WHAT TO WORK ON: Copy every record below exactly as it appears.

[Collected data entries]

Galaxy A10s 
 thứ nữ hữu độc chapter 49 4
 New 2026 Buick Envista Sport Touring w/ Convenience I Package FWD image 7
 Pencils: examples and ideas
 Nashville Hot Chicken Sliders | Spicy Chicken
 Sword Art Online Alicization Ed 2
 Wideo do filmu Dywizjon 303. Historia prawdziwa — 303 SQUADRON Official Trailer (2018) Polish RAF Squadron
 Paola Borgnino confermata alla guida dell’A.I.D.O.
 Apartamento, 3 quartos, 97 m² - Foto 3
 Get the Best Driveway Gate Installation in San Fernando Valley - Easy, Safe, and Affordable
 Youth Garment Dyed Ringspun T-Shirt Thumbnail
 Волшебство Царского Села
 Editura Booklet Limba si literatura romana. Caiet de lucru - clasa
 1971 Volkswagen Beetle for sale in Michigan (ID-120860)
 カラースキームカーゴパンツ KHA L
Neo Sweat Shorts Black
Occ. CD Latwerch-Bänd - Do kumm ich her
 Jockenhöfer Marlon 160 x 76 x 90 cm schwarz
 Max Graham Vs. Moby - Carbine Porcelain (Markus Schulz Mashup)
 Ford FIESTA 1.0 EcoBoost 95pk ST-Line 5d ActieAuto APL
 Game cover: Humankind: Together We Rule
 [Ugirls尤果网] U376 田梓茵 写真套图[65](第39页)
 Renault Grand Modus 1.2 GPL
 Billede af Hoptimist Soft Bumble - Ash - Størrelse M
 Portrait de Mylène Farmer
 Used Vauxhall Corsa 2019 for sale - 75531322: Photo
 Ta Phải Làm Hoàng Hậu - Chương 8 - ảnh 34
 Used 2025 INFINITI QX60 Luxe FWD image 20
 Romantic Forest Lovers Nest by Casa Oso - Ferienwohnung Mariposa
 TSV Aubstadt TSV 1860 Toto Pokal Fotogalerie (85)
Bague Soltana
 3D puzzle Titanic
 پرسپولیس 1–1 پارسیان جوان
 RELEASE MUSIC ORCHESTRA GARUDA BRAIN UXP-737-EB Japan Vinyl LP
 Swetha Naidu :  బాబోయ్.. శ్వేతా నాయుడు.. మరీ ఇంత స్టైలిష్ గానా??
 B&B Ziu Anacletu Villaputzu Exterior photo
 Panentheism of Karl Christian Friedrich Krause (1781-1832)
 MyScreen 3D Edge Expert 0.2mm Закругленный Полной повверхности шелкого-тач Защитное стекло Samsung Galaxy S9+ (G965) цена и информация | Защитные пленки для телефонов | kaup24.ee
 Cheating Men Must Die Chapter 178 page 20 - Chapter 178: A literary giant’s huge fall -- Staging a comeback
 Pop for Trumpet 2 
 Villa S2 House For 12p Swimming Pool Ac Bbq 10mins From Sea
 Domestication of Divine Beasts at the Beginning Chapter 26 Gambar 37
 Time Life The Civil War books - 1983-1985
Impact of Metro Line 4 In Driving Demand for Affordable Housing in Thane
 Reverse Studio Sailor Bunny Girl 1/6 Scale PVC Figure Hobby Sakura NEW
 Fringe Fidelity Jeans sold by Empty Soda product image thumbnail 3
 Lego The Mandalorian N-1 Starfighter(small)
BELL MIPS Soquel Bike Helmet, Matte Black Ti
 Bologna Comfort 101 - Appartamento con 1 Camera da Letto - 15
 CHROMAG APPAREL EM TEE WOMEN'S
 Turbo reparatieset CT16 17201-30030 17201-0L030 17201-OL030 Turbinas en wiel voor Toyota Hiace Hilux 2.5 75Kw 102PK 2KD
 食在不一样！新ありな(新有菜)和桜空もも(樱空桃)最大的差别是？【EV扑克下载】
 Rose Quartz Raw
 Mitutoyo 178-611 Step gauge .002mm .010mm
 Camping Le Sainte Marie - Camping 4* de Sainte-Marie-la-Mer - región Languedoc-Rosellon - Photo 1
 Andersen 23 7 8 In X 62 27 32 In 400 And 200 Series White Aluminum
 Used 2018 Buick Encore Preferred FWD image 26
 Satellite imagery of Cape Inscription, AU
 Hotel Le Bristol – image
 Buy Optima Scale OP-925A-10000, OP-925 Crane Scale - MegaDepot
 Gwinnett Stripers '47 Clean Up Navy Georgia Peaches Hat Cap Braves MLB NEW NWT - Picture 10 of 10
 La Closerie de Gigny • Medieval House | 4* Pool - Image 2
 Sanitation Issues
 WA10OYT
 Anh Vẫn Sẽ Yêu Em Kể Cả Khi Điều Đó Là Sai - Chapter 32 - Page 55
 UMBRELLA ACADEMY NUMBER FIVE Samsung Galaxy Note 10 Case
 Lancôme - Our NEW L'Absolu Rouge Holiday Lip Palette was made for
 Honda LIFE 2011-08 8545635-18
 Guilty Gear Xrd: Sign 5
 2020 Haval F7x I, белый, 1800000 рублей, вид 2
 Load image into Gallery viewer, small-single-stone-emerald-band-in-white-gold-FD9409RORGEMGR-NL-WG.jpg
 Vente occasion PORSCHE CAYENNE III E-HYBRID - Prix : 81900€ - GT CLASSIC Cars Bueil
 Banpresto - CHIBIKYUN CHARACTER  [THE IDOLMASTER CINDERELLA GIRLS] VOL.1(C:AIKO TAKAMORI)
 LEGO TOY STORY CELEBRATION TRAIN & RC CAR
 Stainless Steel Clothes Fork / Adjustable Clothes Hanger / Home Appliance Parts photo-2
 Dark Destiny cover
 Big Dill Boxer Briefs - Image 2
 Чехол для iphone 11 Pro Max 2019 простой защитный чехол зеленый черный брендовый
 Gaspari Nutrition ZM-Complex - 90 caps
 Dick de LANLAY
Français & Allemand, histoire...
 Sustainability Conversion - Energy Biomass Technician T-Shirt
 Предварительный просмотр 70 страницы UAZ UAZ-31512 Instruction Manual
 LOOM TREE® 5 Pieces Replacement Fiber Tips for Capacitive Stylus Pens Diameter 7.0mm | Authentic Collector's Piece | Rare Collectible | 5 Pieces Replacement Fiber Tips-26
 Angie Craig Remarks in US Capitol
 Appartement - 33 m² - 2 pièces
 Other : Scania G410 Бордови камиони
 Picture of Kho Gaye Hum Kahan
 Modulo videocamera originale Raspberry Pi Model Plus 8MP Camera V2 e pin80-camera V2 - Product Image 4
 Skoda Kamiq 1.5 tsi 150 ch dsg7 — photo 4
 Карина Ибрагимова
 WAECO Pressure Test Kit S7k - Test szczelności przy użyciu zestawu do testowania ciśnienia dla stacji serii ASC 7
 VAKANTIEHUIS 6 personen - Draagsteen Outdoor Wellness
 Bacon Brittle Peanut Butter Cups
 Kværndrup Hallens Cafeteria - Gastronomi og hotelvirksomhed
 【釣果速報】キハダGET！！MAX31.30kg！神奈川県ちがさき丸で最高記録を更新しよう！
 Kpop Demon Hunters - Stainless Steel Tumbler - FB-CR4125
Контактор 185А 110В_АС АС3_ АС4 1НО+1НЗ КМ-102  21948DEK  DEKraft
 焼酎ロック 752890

ANSWER TO THIS TASK:
Galaxy A10s 
 thứ nữ hữu độc chapter 49 4
 New 2026 Buick Envista Sport Touring w/ Convenience I Package FWD image 7
 Pencils: examples and ideas
 Nashville Hot Chicken Sliders | Spicy Chicken
 Sword Art Online Alicization Ed 2
 Wideo do filmu Dywizjon 303. Historia prawdziwa — 303 SQUADRON Official Trailer (2018) Polish RAF Squadron
 Paola Borgnino confermata alla guida dell’A.I.D.O.
 Apartamento, 3 quartos, 97 m² - Foto 3
 Get the Best Driveway Gate Installation in San Fernando Valley - Easy, Safe, and Affordable
 Youth Garment Dyed Ringspun T-Shirt Thumbnail
 Волшебство Царского Села
 Editura Booklet Limba si literatura romana. Caiet de lucru - clasa
 1971 Volkswagen Beetle for sale in Michigan (ID-120860)
 カラースキームカーゴパンツ KHA L
Neo Sweat Shorts Black
Occ. CD Latwerch-Bänd - Do kumm ich her
 Jockenhöfer Marlon 160 x 76 x 90 cm schwarz
 Max Graham Vs. Moby - Carbine Porcelain (Markus Schulz Mashup)
 Ford FIESTA 1.0 EcoBoost 95pk ST-Line 5d ActieAuto APL
 Game cover: Humankind: Together We Rule
 [Ugirls尤果网] U376 田梓茵 写真套图[65](第39页)
 Renault Grand Modus 1.2 GPL
 Billede af Hoptimist Soft Bumble - Ash - Størrelse M
 Portrait de Mylène Farmer
 Used Vauxhall Corsa 2019 for sale - 75531322: Photo
 Ta Phải Làm Hoàng Hậu - Chương 8 - ảnh 34
 Used 2025 INFINITI QX60 Luxe FWD image 20
 Romantic Forest Lovers Nest by Casa Oso - Ferienwohnung Mariposa
 TSV Aubstadt TSV 1860 Toto Pokal Fotogalerie (85)
Bague Soltana
 3D puzzle Titanic
 پرسپولیس 1–1 پارسیان جوان
 RELEASE MUSIC ORCHESTRA GARUDA BRAIN UXP-737-EB Japan Vinyl LP
 Swetha Naidu :  బాబోయ్.. శ్వేతా నాయుడు.. మరీ ఇంత స్టైలిష్ గానా??
 B&B Ziu Anacletu Villaputzu Exterior photo
 Panentheism of Karl Christian Friedrich Krause (1781-1832)
 MyScreen 3D Edge Expert 0.2mm Закругленный Полной повверхности шелкого-тач Защитное стекло Samsung Galaxy S9+ (G965) цена и информация | Защитные пленки для телефонов | kaup24.ee
 Cheating Men Must Die Chapter 178 page 20 - Chapter 178: A literary giant’s huge fall -- Staging a comeback
 Pop for Trumpet 2 
 Villa S2 House For 12p Swimming Pool Ac Bbq 10mins From Sea
 Domestication of Divine Beasts at the Beginning Chapter 26 Gambar 37
 Time Life The Civil War books - 1983-1985
Impact of Metro Line 4 In Driving Demand for Affordable Housing in Thane
 Reverse Studio Sailor Bunny Girl 1/6 Scale PVC Figure Hobby Sakura NEW
 Fringe Fidelity Jeans sold by Empty Soda product image thumbnail 3
 Lego The Mandalorian N-1 Starfighter(small)
BELL MIPS Soquel Bike Helmet, Matte Black Ti
 Bologna Comfort 101 - Appartamento con 1 Camera da Letto - 15
 CHROMAG APPAREL EM TEE WOMEN'S
 Turbo reparatieset CT16 17201-30030 17201-0L030 17201-OL030 Turbinas en wiel voor Toyota Hiace Hilux 2.5 75Kw 102PK 2KD
 食在不一样！新ありな(新有菜)和桜空もも(樱空桃)最大的差别是？【EV扑克下载】
 Rose Quartz Raw
 Mitutoyo 178-611 Step gauge .002mm .010mm
 Camping Le Sainte Marie - Camping 4* de Sainte-Marie-la-Mer - región Languedoc-Rosellon - Photo 1
 Andersen 23 7 8 In X 62 27 32 In 400 And 200 Series White Aluminum
 Used 2018 Buick Encore Preferred FWD image 26
 Satellite imagery of Cape Inscription, AU
 Hotel Le Bristol – image
 Buy Optima Scale OP-925A-10000, OP-925 Crane Scale - MegaDepot
 Gwinnett Stripers '47 Clean Up Navy Georgia Peaches Hat Cap Braves MLB NEW NWT - Picture 10 of 10
 La Closerie de Gigny • Medieval House | 4* Pool - Image 2
 Sanitation Issues
 WA10OYT
 Anh Vẫn Sẽ Yêu Em Kể Cả Khi Điều Đó Là Sai - Chapter 32 - Page 55
 UMBRELLA ACADEMY NUMBER FIVE Samsung Galaxy Note 10 Case
 Lancôme - Our NEW L'Absolu Rouge Holiday Lip Palette was made for
 Honda LIFE 2011-08 8545635-18
 Guilty Gear Xrd: Sign 5
 2020 Haval F7x I, белый, 1800000 рублей, вид 2
 Load image into Gallery viewer, small-single-stone-emerald-band-in-white-gold-FD9409RORGEMGR-NL-WG.jpg
 Vente occasion PORSCHE CAYENNE III E-HYBRID - Prix : 81900€ - GT CLASSIC Cars Bueil
 Banpresto - CHIBIKYUN CHARACTER  [THE IDOLMASTER CINDERELLA GIRLS] VOL.1(C:AIKO TAKAMORI)
 LEGO TOY STORY CELEBRATION TRAIN & RC CAR
 Stainless Steel Clothes Fork / Adjustable Clothes Hanger / Home Appliance Parts photo-2
 Dark Destiny cover
 Big Dill Boxer Briefs - Image 2
 Чехол для iphone 11 Pro Max 2019 простой защитный чехол зеленый черный брендовый
 Gaspari Nutrition ZM-Complex - 90 caps
 Dick de LANLAY
Français & Allemand, histoire...
 Sustainability Conversion - Energy Biomass Technician T-Shirt
 Предварительный просмотр 70 страницы UAZ UAZ-31512 Instruction Manual
 LOOM TREE® 5 Pieces Replacement Fiber Tips for Capacitive Stylus Pens Diameter 7.0mm | Authentic Collector's Piece | Rare Collectible | 5 Pieces Replacement Fiber Tips-26
 Angie Craig Remarks in US Capitol
 Appartement - 33 m² - 2 pièces
 Other : Scania G410 Бордови камиони
 Picture of Kho Gaye Hum Kahan
 Modulo videocamera originale Raspberry Pi Model Plus 8MP Camera V2 e pin80-camera V2 - Product Image 4
 Skoda Kamiq 1.5 tsi 150 ch dsg7 — photo 4
 Карина Ибрагимова
 WAECO Pressure Test Kit S7k - Test szczelności przy użyciu zestawu do testowania ciśnienia dla stacji serii ASC 7
 VAKANTIEHUIS 6 personen - Draagsteen Outdoor Wellness
 Bacon Brittle Peanut Butter Cups
 Kværndrup Hallens Cafeteria - Gastronomi og hotelvirksomhed
 【釣果速報】キハダGET！！MAX31.30kg！神奈川県ちがさき丸で最高記録を更新しよう！
 Kpop Demon Hunters - Stainless Steel Tumbler - FB-CR4125
Контактор 185А 110В_АС АС3_ АС4 1НО+1НЗ КМ-102  21948DEK  DEKraft
 焼酎ロック 752890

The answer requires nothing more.